Essay Doctorate 675 words

Digital Supply Chain Companies That Do Not

Last reviewed: July 30, 2012 ~4 min read

Digital Supply Chain

Companies that do not have good supply chain systems and processes often experience lower customer satisfaction levels, order lead times, and inefficient production processes vs. those that do. Before the widespread expansion of the Internet, most supply chains operated according to a very traditional and linear model -- business partners worked together directly with separately managed linkages between suppliers and customers. Today, the advent of the Internet has had a significant impact on supply chain management. Digital supply chain is an emerging trend especially in the music, publishing, and library industries. It provides a rare opportunity to use electronic means to impact the delivery of goods and services, offering a unique view of the process at critical points between the origin of raw materials to final delivery to the customer.

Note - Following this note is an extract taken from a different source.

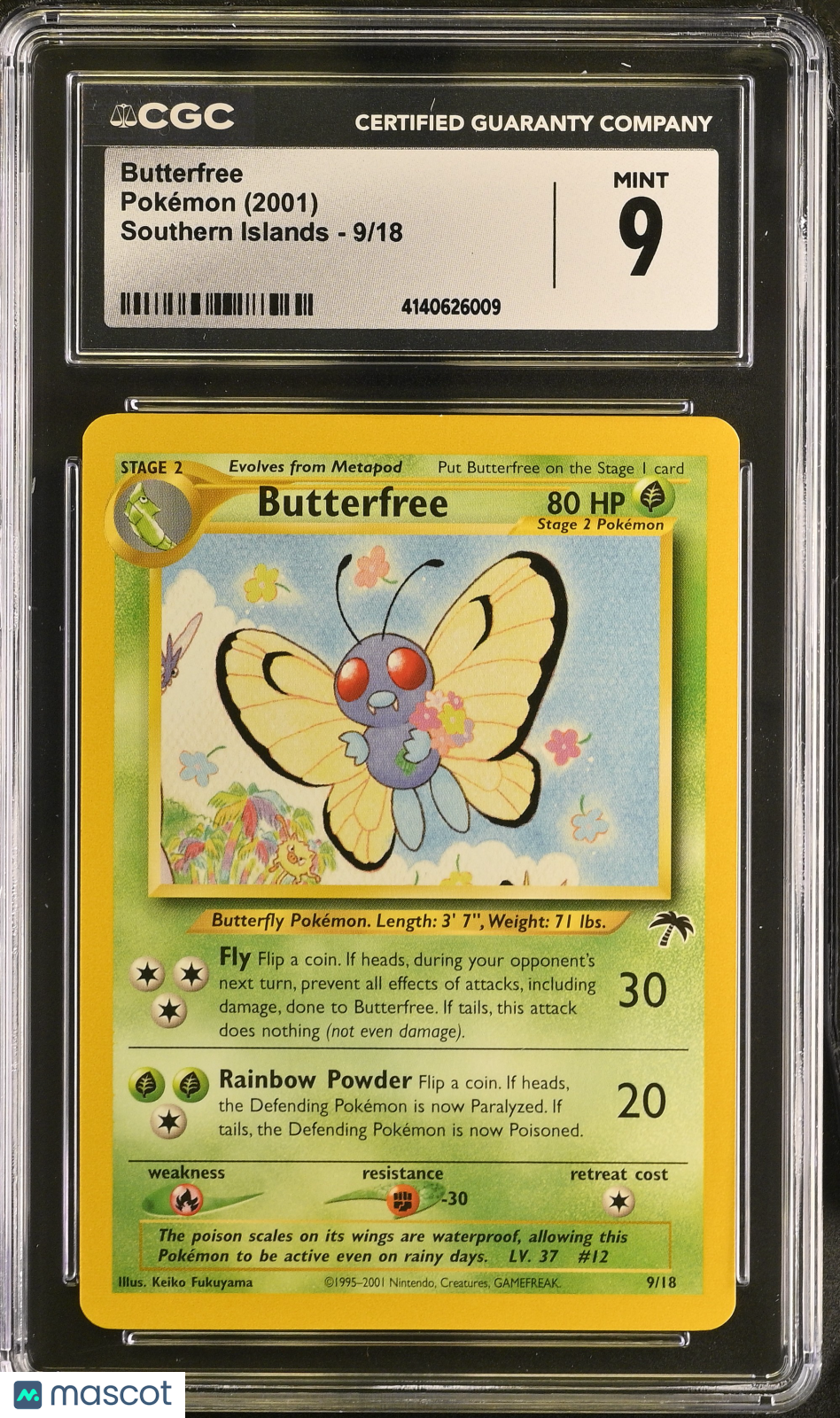 2001 Pokemon Southern Islands Butterfree #9/18 CGC 9 MINT - Graded TCG/CCG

A number of companies have used the Internet to lower costs and add value to their business. First and foremost, the Internet can create more sourcing opportunities for materials. Partnering options are widely expanded with players being as close as in the same city or as distant as overseas. Online forums, public exchanges and paid member sites exploded in popularity in the late 1990s and allow suppliers and buyers to connect in new ways. Major benefits include automated procurement, collaboration in forecasting, planning and replenishment, and lower costs due to more competitive bidding (Gulledge and Chavusholu, 2008). In addition, materials are often easier to source with shorter lead times due to a greater number of supplier options. All of this has the potential to decrease inventory volume, thus decreasing overhead costs.

The supply chain of the past was often an inflexible series of events that somehow managed to get products out the door. It often involved inaccurate inventory forecasts, rigid production plans and hypothetical shipping schedules. Digital supply chain management, especially for video and virtual content, has ushered in a new paradigm. Warehouses are being replaced with data centers, boxes replaced by bits, and trucks replaced by bandwidth (Whelage, 2008). Within the digital supply chain, one can receive a digital item into inventory and then sell it a million times over within a short time period without restocking. Vendors can be paid for each digital asset sold without restocking inventory that has the potential to become stagnant during slow sales seasons. The overall channel management, therefore, shifts from conventional distribution to retailers, to broadband providers, to the web, and finally directly to the consumer.

Companies such as Dell and Apple have mastered the process, resulting in enormous competitive advantages in the marketplace including improved order and environmental management. Major benefits include a more customer-responsive ordering system, improved product availability, cost savings, and an integrated information system and have allowed them to position themselves as top delivery contenders. The digital supply chain allows for "real-time" information to be pulled from across business units which can be an important differentiator for companies (Tarantillis, et al., 2008). Projects are most likely to provide financial benefits when they are well planned and executed.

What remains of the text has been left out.